Competing products in the optical film market often chase minimal costs, short-cutting on additive package purity or farming out resin blends to third-party plants with looser controls. Over the long run, reliability issues—from shrinkage in laminates, optical haze buildup, or fragility during thermal cycles—cost converts far more in waste and lost business. From day one, we saw the importance of in-house production, on-site polymerization, and batch-level analytics. HPM’s cleaner molecular fingerprint, tighter haze control, lower inclusions, and authentic post-production traceability draw discerning buyers who have experienced the true costs of quality drift.
Our approach is not to chase flyers or cut a price point. Instead, we pour the best of our shopfloor experience, extensive polymer science, and decades of feedback into every batch. This is why repeat customers trust HPM for demanding jobs—as they recognize the hands behind the product. Our R&D lab is a place where every improvement has to justify itself, in the context of production scale and customer return studies. Engineers refining HPM keep close records of every trial, success, and failure, pushing HPM closer to the ideal of a material that does not just pass lab specs, but outperforms over months and years of continuous processing.
As industries move into ever thinner, brighter, and larger-format displays, reliability pressure on material makers will sharpen. Our task as manufacturers is clear: anticipate next-generation demands before they become field failures, and drive continual learning from every plant floor experience. Recent feedback from OLED makers seeking even lower self-fluorescence in barrier films drove the last round of HPM improvements—tighter process purification and new downstream cleaning regimens. The needs of roll-to-roll micro-patterning lines, higher-speed printing, and exacting color consistency all travel back into our plant engineering handbook.

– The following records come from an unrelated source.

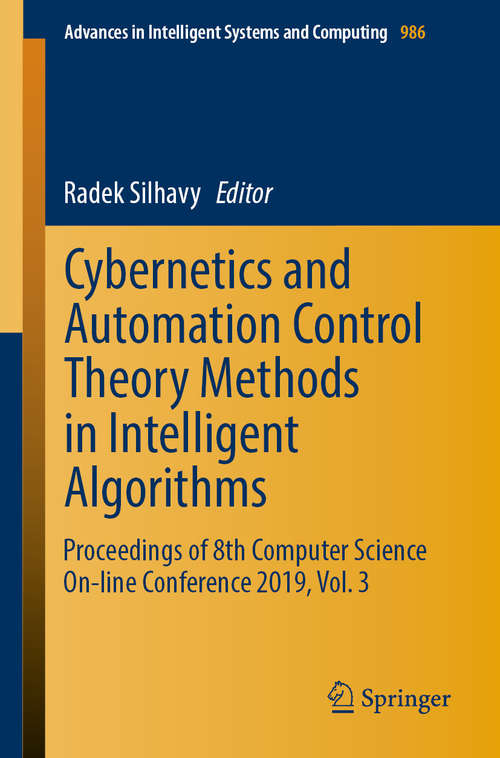Book cover of Cybernetics and Automation Control Theory Methods in Intelligent Algorithms: Proceedings of 8th Computer Science On-line Conference 2019, Vol. 3 (1st ed. 2019) (Advances in Intelligent Systems and Computing #986)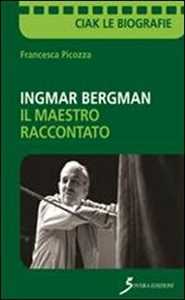 Libro Ingmar Bergman. Il maestro raccontato Francesca Picozza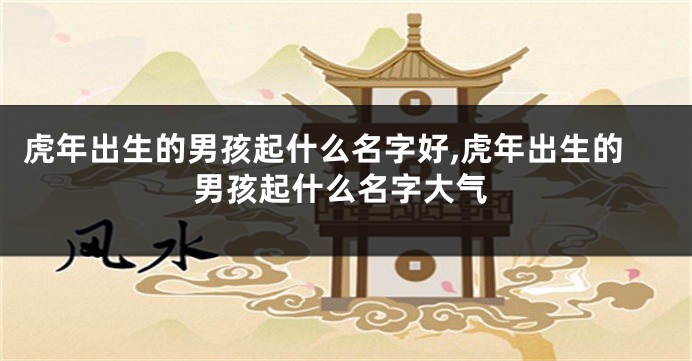虎年出生的男孩起什么名字好,虎年出生的男孩起什么名字大气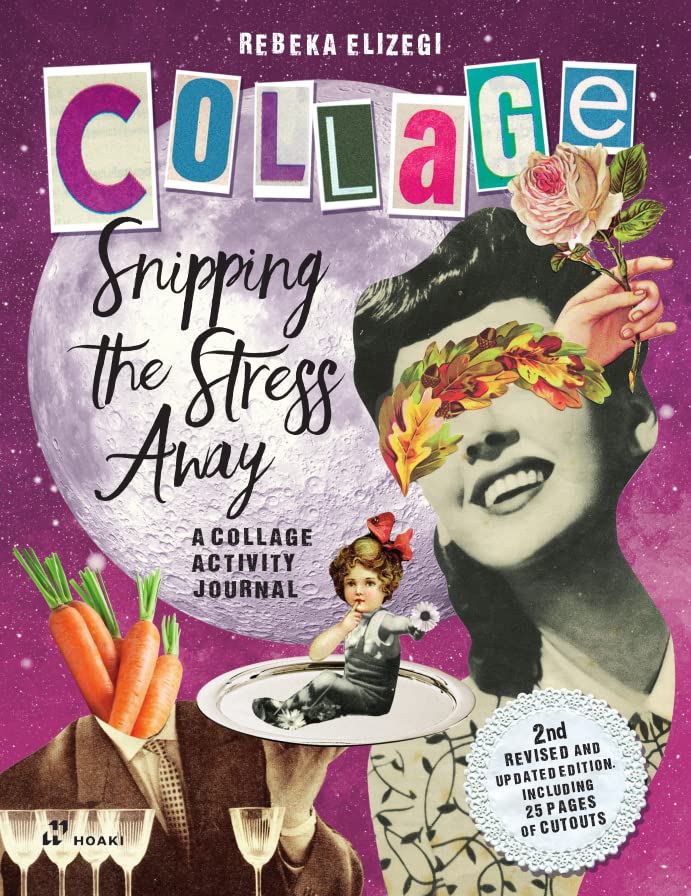 Snipping the Stress Away: A Collage Activity Journal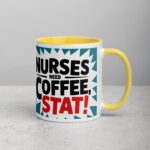 Nurses Need Coffee, Stat! Nurse Mug - Image 21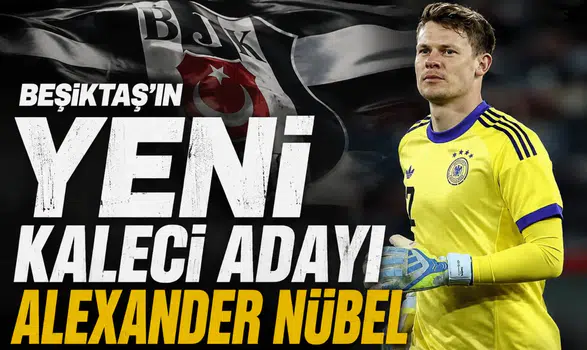 Beşiktaş'ın yeni kaleci adayı Alexander Nübel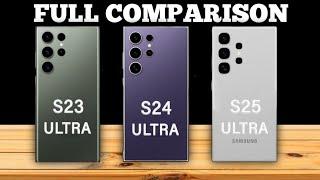 Samsung Galaxy S25 Ultra Vs Galaxy S24 Ultra Vs Galaxy S23 Ultra  S25 Ultra SpecsReview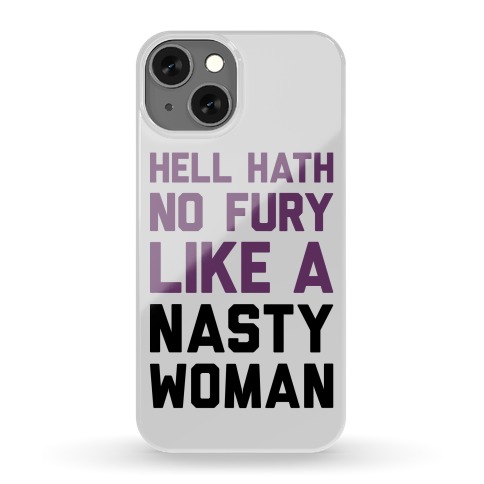 Hell Hath No Fury Like A Nasty Woman Phone Case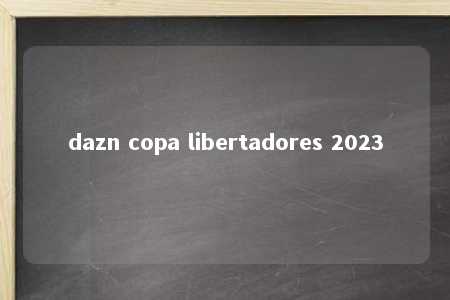 dazn copa libertadores 2023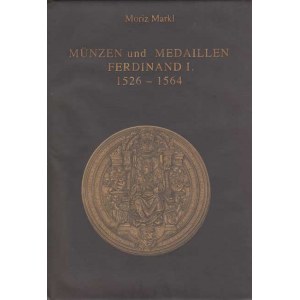 Knihy, Markl Moriz : Münzen und Medaillen Ferdinand I.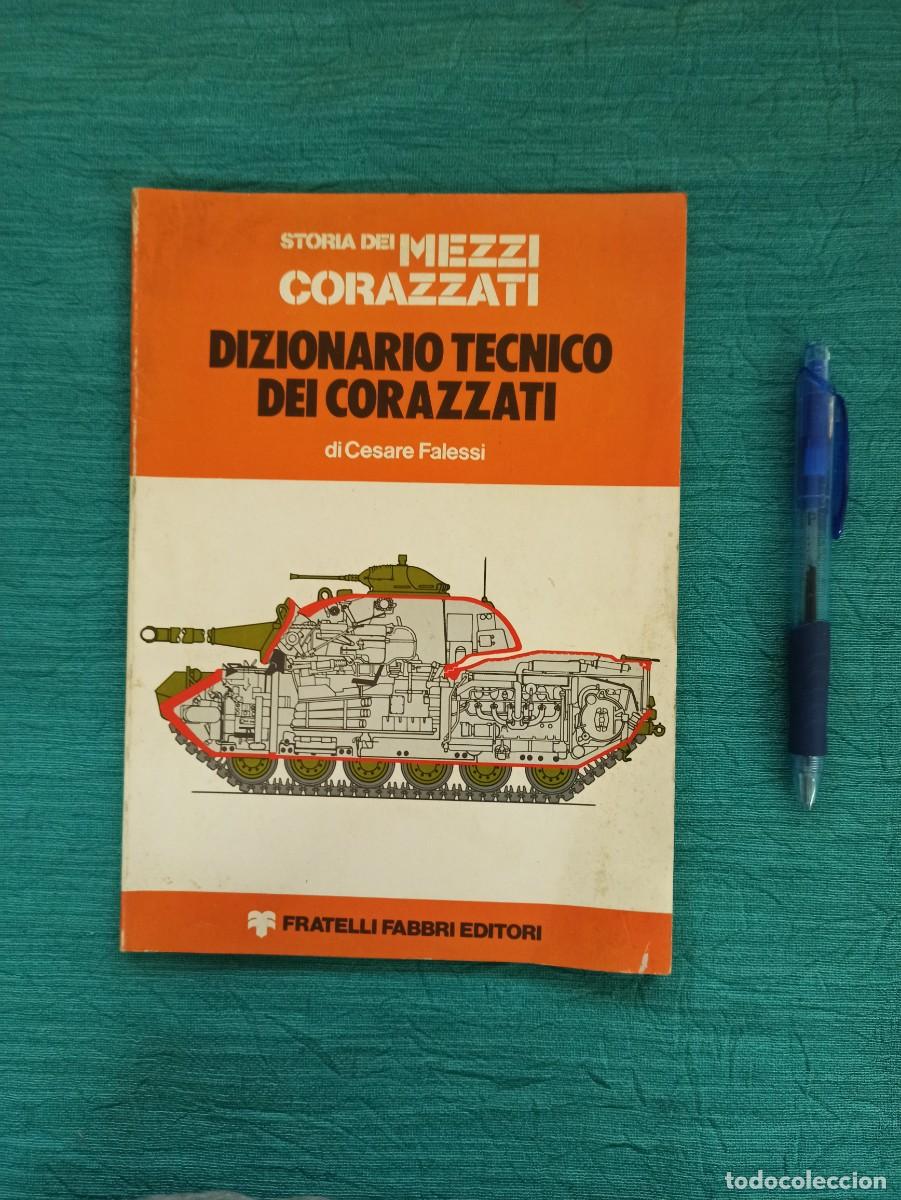 Militaria: Antiguo libro catalogo Dizionario Tecnico dei Corazzati. 1976.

These challenges arrive in daily calls and urgent emails from line managers, designers, and QA leads. Each becomes the next round of improvement on the HPM line, guaranteeing that our materials deliver performance, processability, and stability in real workflows. Every order shipped is a promise shaped by plant-level learning, not marketing gloss, and backed by a team of factory veterans ready to help solve the next challenge as soon as it hits the line.